We talk here about political principles, we grasp the importance and place of epistemology and metaphysics for any philosophical system. We never let go of our understanding of morality and ethics as the necessary root of politics. But for this man and woman from Nebraska, who may not be any more religious than my parents or regular people I've worked along side of through my life, their world is much less understood, and rather is felt. They are feeling the world go grey. It includes no more heroes on the sliver screen, slice of life novels, What as a child they were taught is rude, or tacky, or wrong, is now celebrated. Trash and triviality garner the prized. No one teaches right from wrong in the schools but rather cultural relativism and political correctness, no commonality of morality in a world where Hollywood comes into the living room and downtown movie theaters.

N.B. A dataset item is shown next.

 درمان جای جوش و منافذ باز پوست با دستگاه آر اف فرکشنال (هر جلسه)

They are pulled by Beck's call for virtues, for character, for honor. Unlike me, they aren't repulsed by religion and so they are more accepting of 'good' things in that package.
Beck is very right when he says this not just about politics. That it will take more than the Tea Party to save our nation. He is still right when he turns to individual character traits, to virtues. He is dead wrong when he says that the best or only place to find the moral and ethical values we need is in the Judaeo-Christian tradition. Actually, the exuberance of earlier America formed commonsense moral values and ethical codes that never really fit altruism, and certainly not the ugly rituals that make up so much of religions' con games. This is where Beck wants to go with his quest to restore honor. It is what we need to do, but it isn't found in God or faith. And hope will come naturally to those who live with their eyes open and stay true to their principles. Charity is a natural by product of man's benevolence and a system that respects his freedom. Beck has the 'details' wrong, but his heart and his instincts are right.

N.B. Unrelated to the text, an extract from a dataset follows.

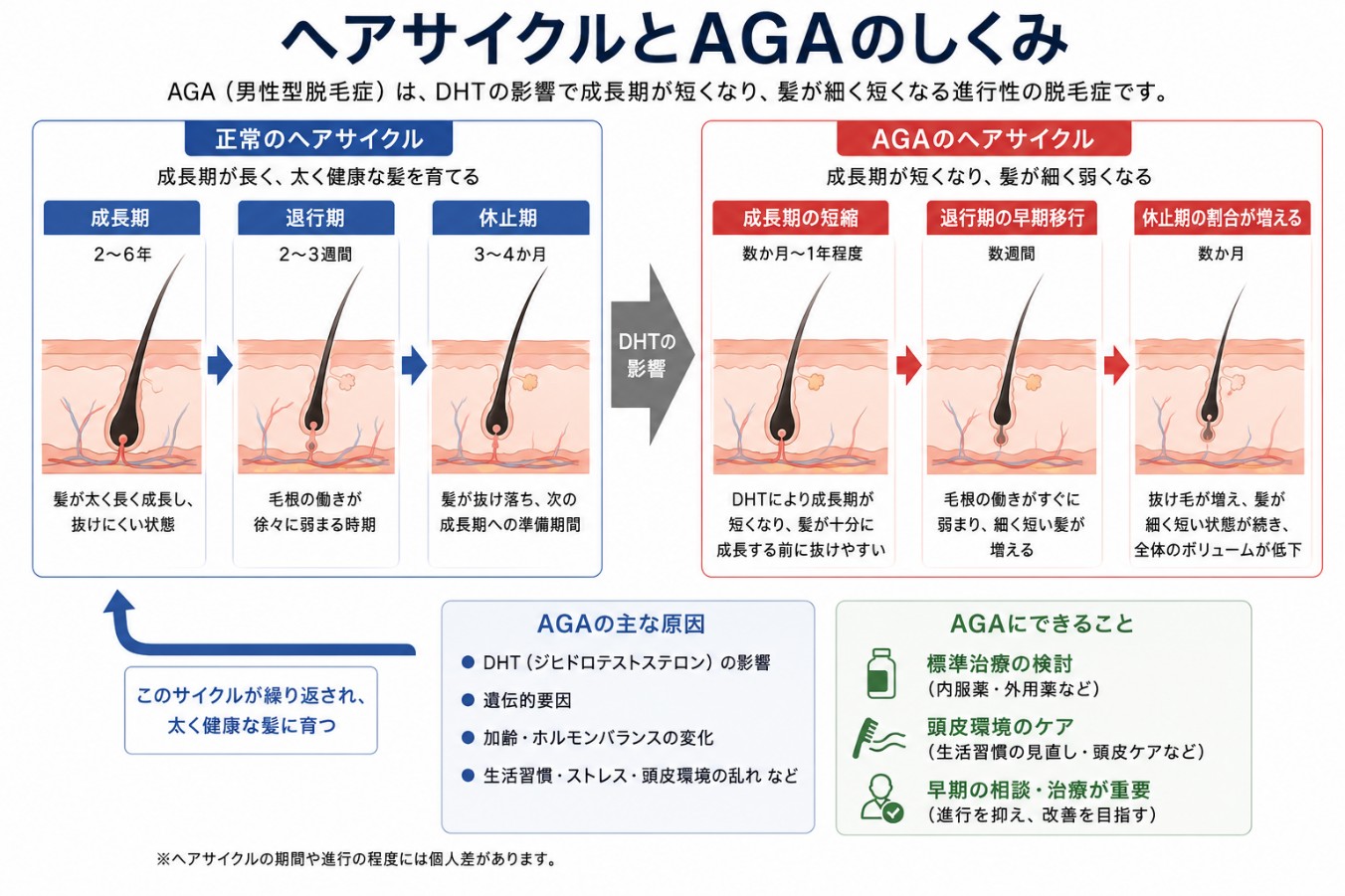 ヘアサイクルとAGAの仕組み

I was stunned when I looked inside and saw how blind I was to this oneness of the liberal/secular/anti-heroic view. We have written and read here at this forum about aesthetics and Rand made it a key part of Objectivism. But in my mind I tended to think more of psychology principles on the individual level and not paying as much attention to the . The need for aesthetics, and in specific for art that portrays a universe open to growth and good will and success and to a society of men one can look up to.
From this perspective look at the aesthetics, if you will, of Black Liberation Theology, or bailing out failures with money needed by successful people, or redistributing wealth to whinny bums, to the endless parade of self-perpetuating corruption in places of power.
If I've been successful in communicating what I see now, you can understand why people 'cling to their religion.' It is not just what they know, and it is not just out of fear or uncertainty, but a drive to stand tall and proud with clear values and real heroes. You and I know that this is a mistaken view when it incorporates reason-destroying faith, and that altruism will cripple heroes - but in the American heartland religion is held differently.
We need to join them in the drive for heroes, in a vision of a bright world where good things are possible, and show how that looks without faith or mysticism or self-sacrifice. They are far more our allies in this battle than a bitter, hate-filled, far-left apologist for Obama's policies who also happens to be atheist.